Data in this exercise:
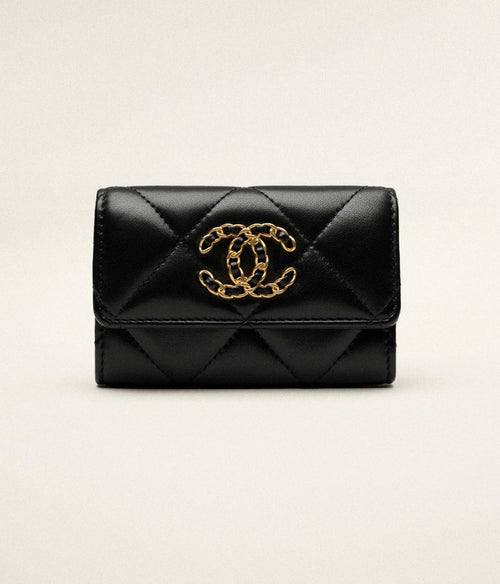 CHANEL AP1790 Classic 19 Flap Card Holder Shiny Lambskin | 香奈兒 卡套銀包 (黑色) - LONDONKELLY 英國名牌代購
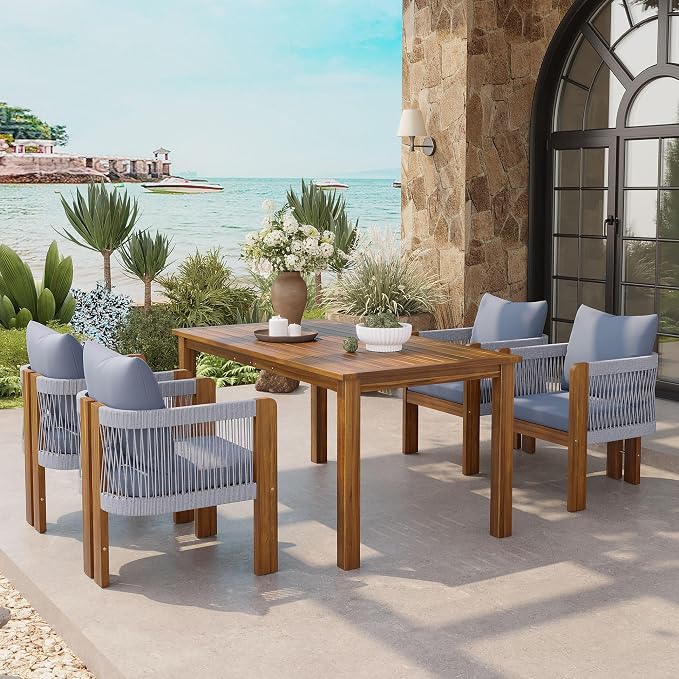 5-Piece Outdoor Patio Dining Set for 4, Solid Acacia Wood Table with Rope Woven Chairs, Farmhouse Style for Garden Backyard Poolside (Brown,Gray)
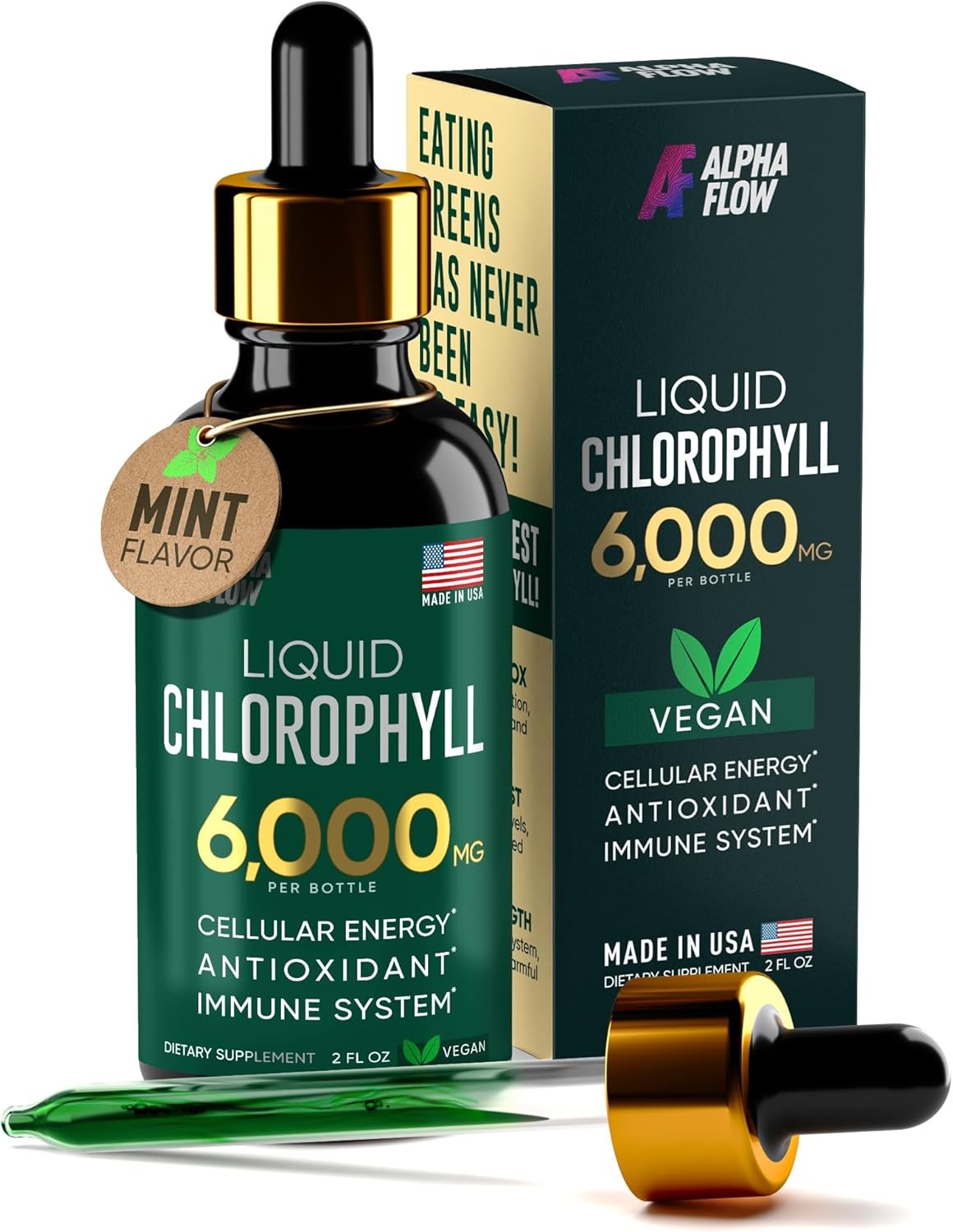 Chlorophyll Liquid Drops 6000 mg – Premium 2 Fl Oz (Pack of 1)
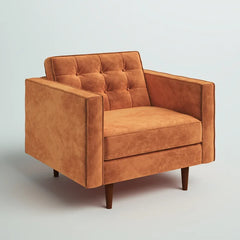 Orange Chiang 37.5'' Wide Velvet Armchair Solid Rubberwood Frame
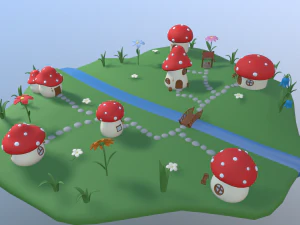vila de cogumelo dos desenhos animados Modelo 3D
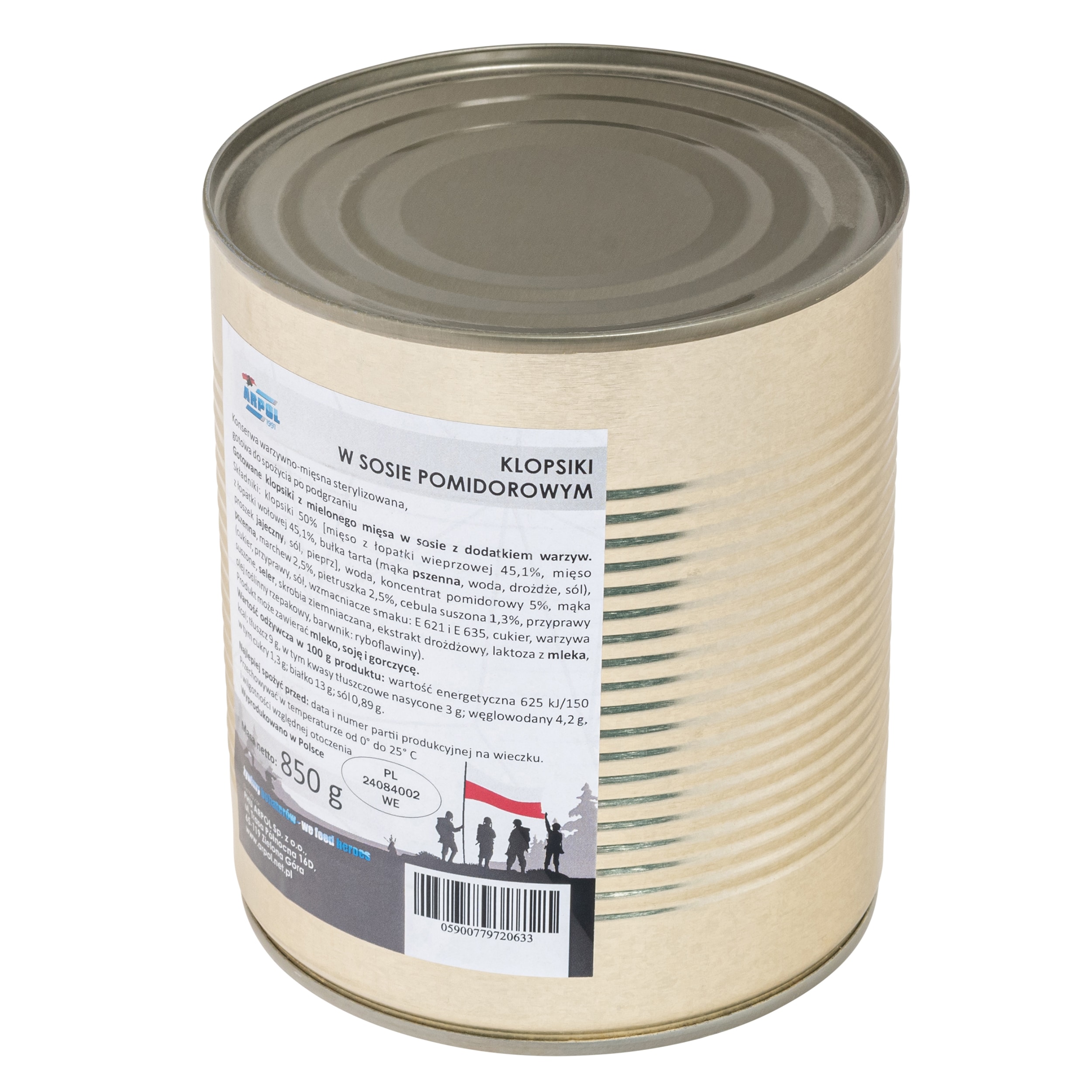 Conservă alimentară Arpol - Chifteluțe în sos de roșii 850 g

What to produce: Although the records contain pictures, print only the rest, exactly as written.

Task answer:
 CHANEL AP1790 Classic 19 Flap Card Holder Shiny Lambskin | 香奈兒 卡套銀包 (黑色) - LONDONKELLY 英國名牌代購
 5-Piece Outdoor Patio Dining Set for 4, Solid Acacia Wood Table with Rope Woven Chairs, Farmhouse Style for Garden Backyard Poolside (Brown,Gray)
 Chlorophyll Liquid Drops 6000 mg – Premium 2 Fl Oz (Pack of 1)
 Orange Chiang 37.5'' Wide Velvet Armchair Solid Rubberwood Frame
vila de cogumelo dos desenhos animados Modelo 3D
 Conservă alimentară Arpol - Chifteluțe în sos de roșii 850 g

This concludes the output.